May I just step in here to say I`m disturbed to the extreme that Flex thinks DFINEST is a sex goddess 

And PreM....$300 would be a good buy....almost the same or a touch cheaper than the lowest Price in Japan.

http://kakaku.com/prdsearch/detail.asp?PrdKey=00500210410


----------



## Flex (Feb 20, 2004)

> _*Originally posted by kuso *_
> May I just step in here to say I`m disturbed to the extreme that Flex thinks DFINEST is a sex goddess



AHHHHHHHHHH i was too slow!!! haha


----------



## DFINEST (Feb 20, 2004)

^Too S-L-O-W



> _*Originally posted by Flex *_
> ^is a closet sex goddess


----------



## Rissole (Feb 20, 2004)

^wanting some avi action


----------



## Trap-isaurus (Feb 21, 2004)

Thinks he can kick my ass!


----------



## kuso (Feb 21, 2004)

is BACk again! lol

Good to see your ugly mug around


----------



## Burner02 (Feb 21, 2004)

loves a good drink and good fight..


----------



## myCATpowerlifts (Feb 21, 2004)

^prolly likes snow and mountains


----------



## myCATpowerlifts (Feb 21, 2004)

^will ask girlfriend to take ass shot when she gets new digi-cam that shes been thinking about

How bout that Riss?


----------



## Burner02 (Feb 21, 2004)

wants my gf to take a pic of MY ass for him????


----------



## DFINEST (Feb 21, 2004)

^^is "in search of...."


----------



## Burner02 (Feb 21, 2004)

is eluding...her


----------



## DFINEST (Feb 21, 2004)

^is addicted to "Mudge Meal"


----------



## Burner02 (Feb 21, 2004)

wilklk be addicted to mudge meal as soon as he tried them..if haven't already


----------



## myCATpowerlifts (Feb 21, 2004)

^retard that can not read posts correctly


----------



## DFINEST (Feb 21, 2004)

^likes a "Texas Biatch"


----------



## myCATpowerlifts (Feb 21, 2004)

^thinks his mom hasnt found him yet, but shes at his door step....


----------



## DFINEST (Feb 21, 2004)

^is wanking in front of his mom


----------



## myCATpowerlifts (Feb 21, 2004)

^sick bastard


----------



## Eggs (Feb 21, 2004)

^ Is right


----------



## myCATpowerlifts (Feb 21, 2004)

^is too


----------



## DFINEST (Feb 21, 2004)

^seriously, he's not wankin!


----------



## Burner02 (Feb 22, 2004)

loves this thread


----------



## J'Bo (Feb 22, 2004)

<-----------is thinking that this has turned out to be a burn festival instead of a nice thread  although its quite funny.
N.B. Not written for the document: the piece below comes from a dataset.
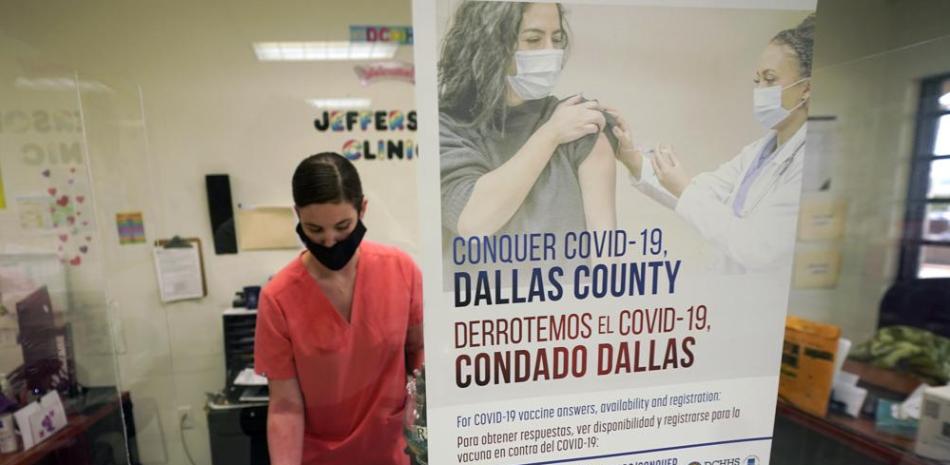 Una enfermera del Departamento de Salud y Servicios Humanos del condado Dallas completa papeleo tras aplicar vacunas de Pfizer contra el COVID-19 en un centro de inoculación en Dallas, Texas, el jueves 26 de agosto de 2021. (AP Foto/LM Otero)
^ is becoming a better dieter and trainer who is lean pocket free.


----------



## Burner02 (Feb 22, 2004)

^ doesn't know what I had to eat this weekend..and wont!
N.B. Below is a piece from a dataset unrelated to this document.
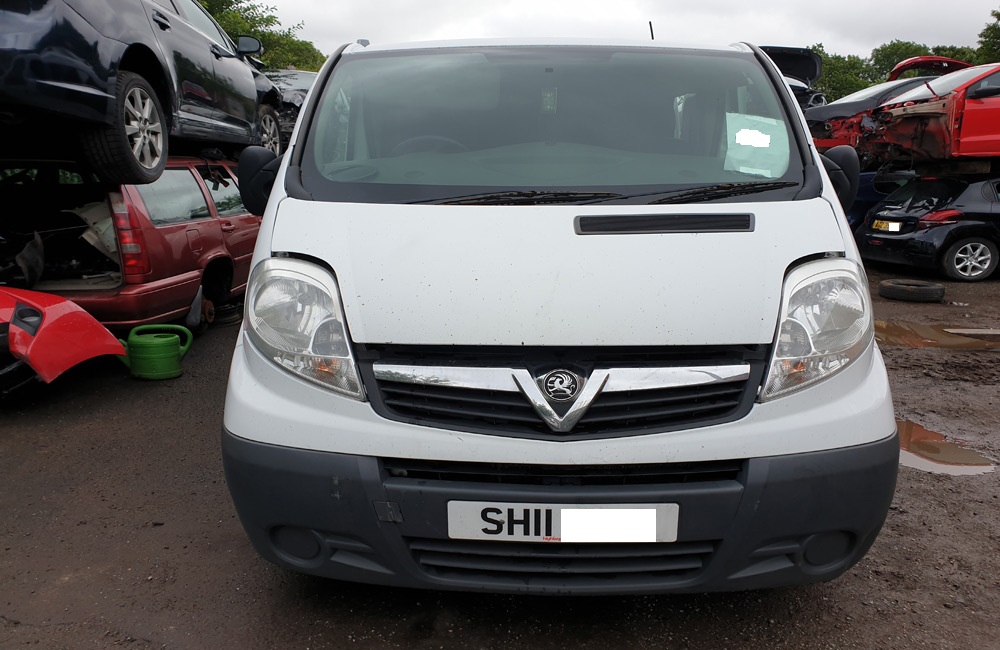 Vauxhall Vivaro Van breaking parts spares 2006-2014 M9R780 M73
needs to be on her masn..soI can see her on my snazzy new web cam!

Oh..and had brightened up my day..


----------



## J'Bo (Feb 22, 2004)

^ isnt logged into msn cause i am on and i dont see him. oh wait i do. but no web cam cause i just woke up and i am much too sad


----------



## Burner02 (Feb 22, 2004)

needs to know that I am at work..and cannot use web cam in secure environment.
Love to see this morning, 'bed head'

What kind of 'jammies' are you wearing?


----------



## Eggs (Feb 22, 2004)

^^
Is bored at work again!


----------



## Eggs (Feb 22, 2004)

^^ Is going to get a big breakfast and smoke some crack rock before church.


----------



## Eggs (Feb 22, 2004)

^^ Is just kidding about the crack rock


----------



## Jenny (Feb 22, 2004)

^Will get some good luvin in 20 days


----------



## Burner02 (Feb 22, 2004)

I've heard fo eggs and bacon, but eggs and crack?
not a good combo, my friend!


----------



## myCATpowerlifts (Feb 22, 2004)

^in search of definest
Definest thinks she hasnt found him yet, but burner is right on his trail 

HEY no fair, if jbo gonna share her jammie pics with burner, she needs to share with the other guys too!


----------



## Burner02 (Feb 22, 2004)

heh heh...doens't know what burner knows...


----------



## Eggs (Feb 22, 2004)

^^ knows something and isnt spilling the beans.


----------



## Burner02 (Feb 22, 2004)

how did eggs know I had a bean burrito?
hey...thinking of possibility of joiing the...Army....reserves.
The guy next to me is doing more or less the same job I do, and doesn't get deployed.
Always use the extra little $$ per month..and my 6 years of duty won't go to waste...


----------



## J'Bo (Feb 22, 2004)

^doesnt have jammy pics btw


----------



## Burner02 (Feb 22, 2004)

ha!
^Hasn't sent them?
is back on-line!


----------



## myCATpowerlifts (Feb 22, 2004)

^lucky if he actually gets them


----------



## Burner02 (Feb 22, 2004)

doens't need to worry..no jammy pics for anyone..


----------



## Eggs (Feb 22, 2004)

^^ Needs to wake up and smell the 0500 musters 

Sign up... but you get deployed, its going to be your ass sweating in the desert and not mine


----------



## Burner02 (Feb 22, 2004)

^misses muster! Won't admit to it, but yelling "hoooahh!!" early in the am makes him happy!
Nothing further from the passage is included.